----- Stored data

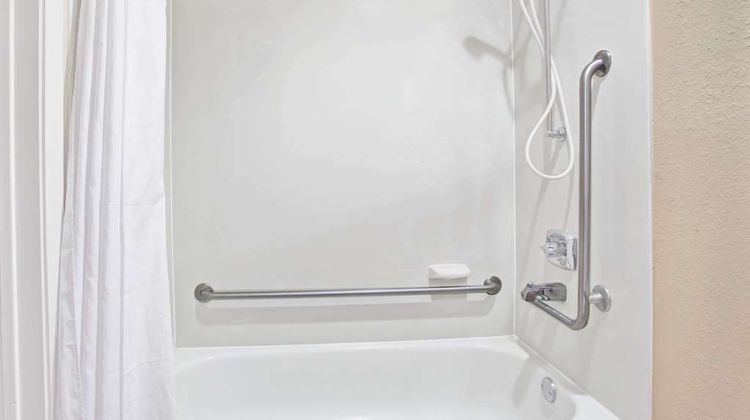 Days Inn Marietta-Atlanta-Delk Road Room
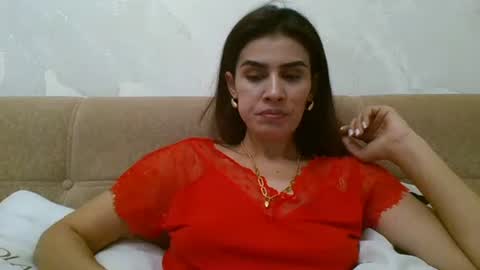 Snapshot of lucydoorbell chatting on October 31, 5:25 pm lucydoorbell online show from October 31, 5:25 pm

----------
----- Stored data

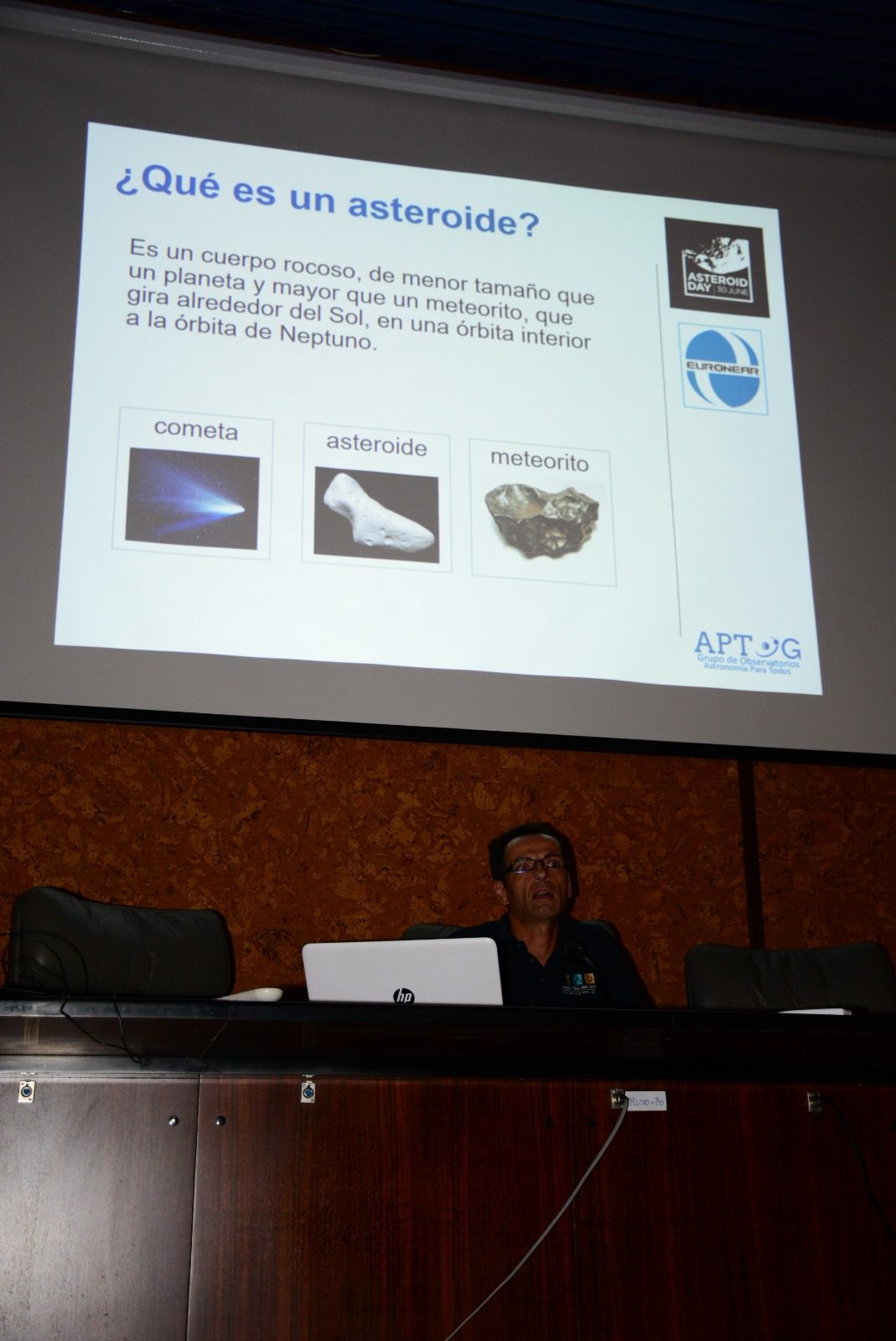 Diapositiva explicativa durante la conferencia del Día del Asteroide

----------

Please return the material above only from the line that holds "Days Inn Marietta-Atlanta-Delk Road Room" through the line that holds "Snapshot of lucydoorbell", exactly as it stands, ends included and pictures omitted.

## Output below
 Days Inn Marietta-Atlanta-Delk Road Room
 Snapshot of lucydoorbell chatting on October 31, 5:25 pm lucydoorbell online show from October 31, 5:25 pm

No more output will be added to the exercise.